- [What is needed]:
From the listing that follows, reproduce only the lines from the one holding "7502 Lilac Sea, Columbia, MD 21046 - photo 5" through the one holding "Chevrolet Spark 1Lt KL8CD6SA0MC747363 снимка", both included, with no pictures.

- [Given information]:
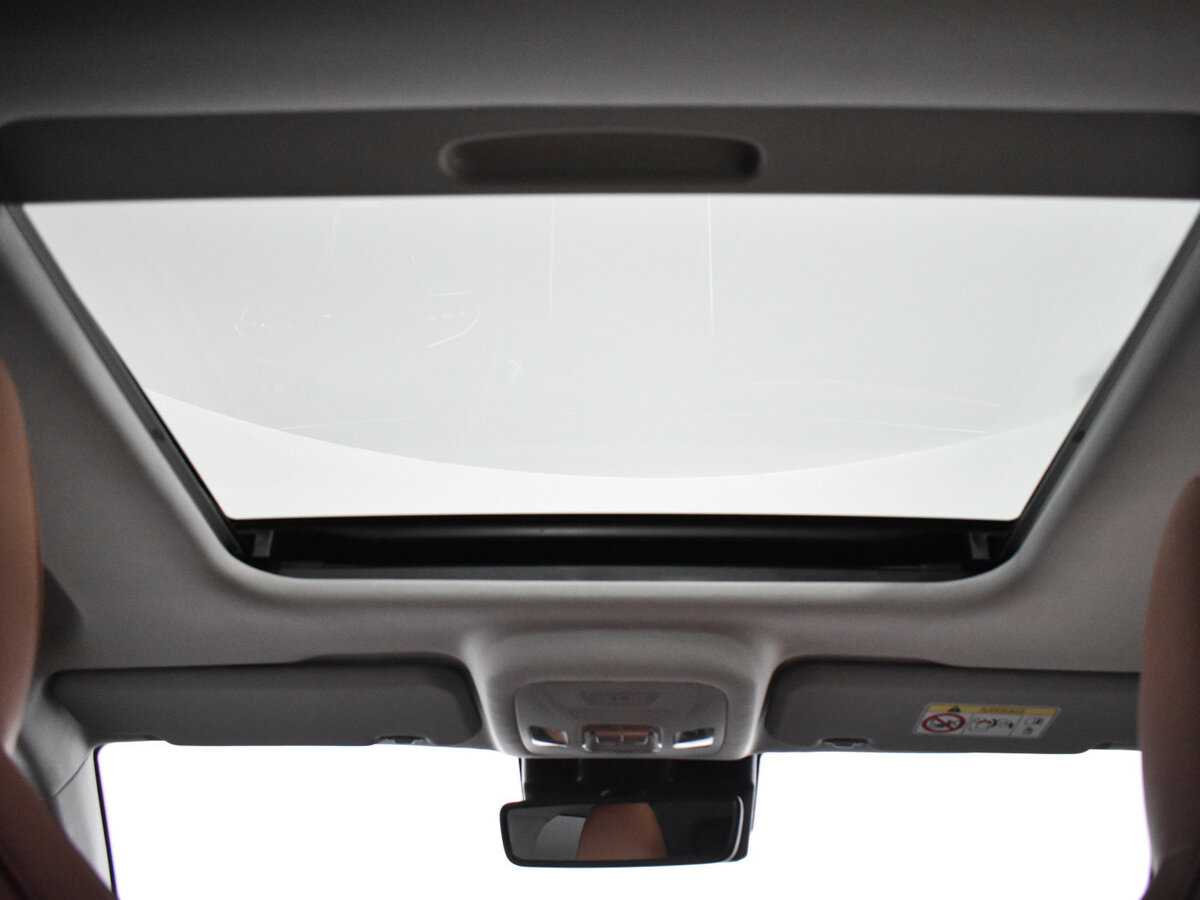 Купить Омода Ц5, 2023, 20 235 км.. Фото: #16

* * *

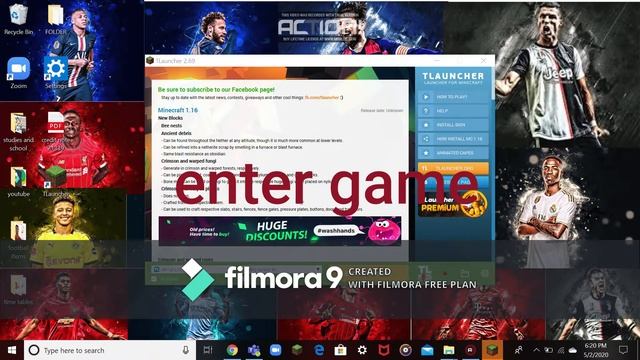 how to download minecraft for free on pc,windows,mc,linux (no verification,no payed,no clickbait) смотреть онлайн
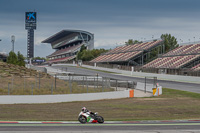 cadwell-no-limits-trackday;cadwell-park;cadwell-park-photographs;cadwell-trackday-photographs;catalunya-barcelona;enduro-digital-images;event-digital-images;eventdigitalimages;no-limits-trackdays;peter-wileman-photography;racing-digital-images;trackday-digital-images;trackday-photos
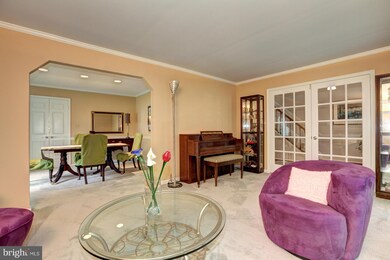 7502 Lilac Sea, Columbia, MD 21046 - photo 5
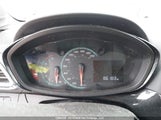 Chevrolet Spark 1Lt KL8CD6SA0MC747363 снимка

--

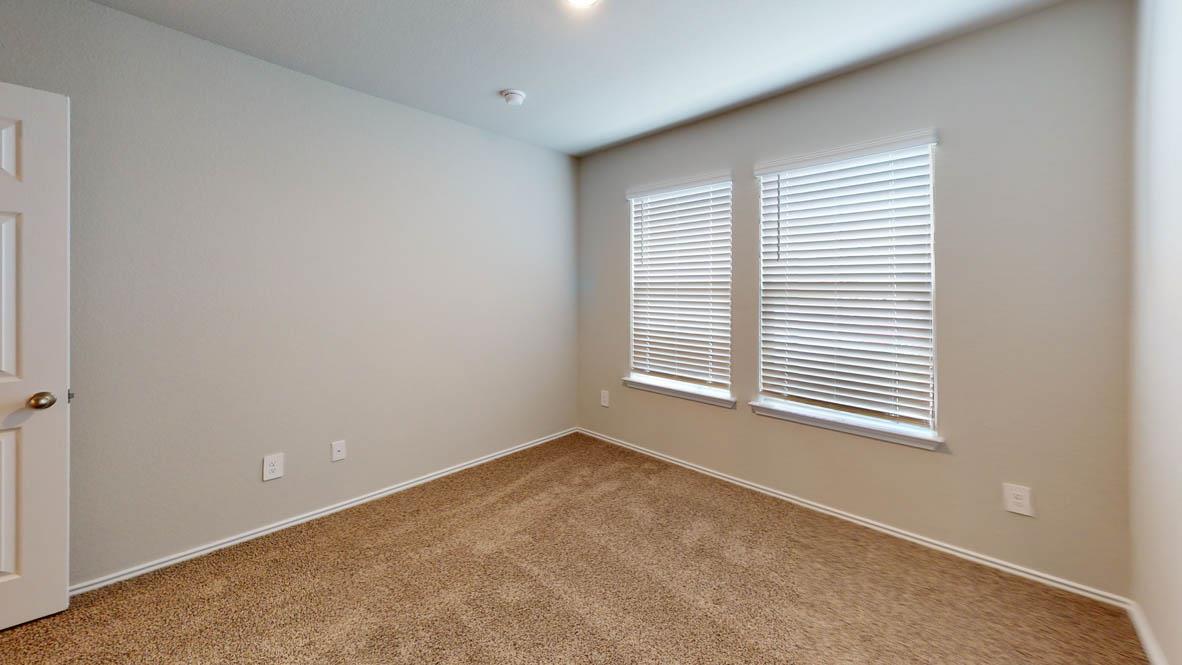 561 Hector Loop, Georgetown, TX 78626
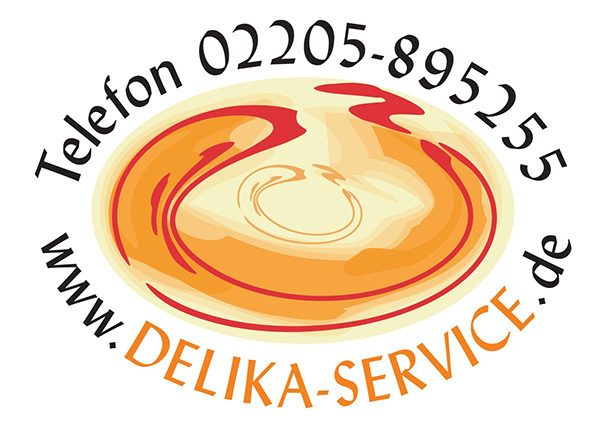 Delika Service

- [Answer to this task]:
 7502 Lilac Sea, Columbia, MD 21046 - photo 5
 Chevrolet Spark 1Lt KL8CD6SA0MC747363 снимка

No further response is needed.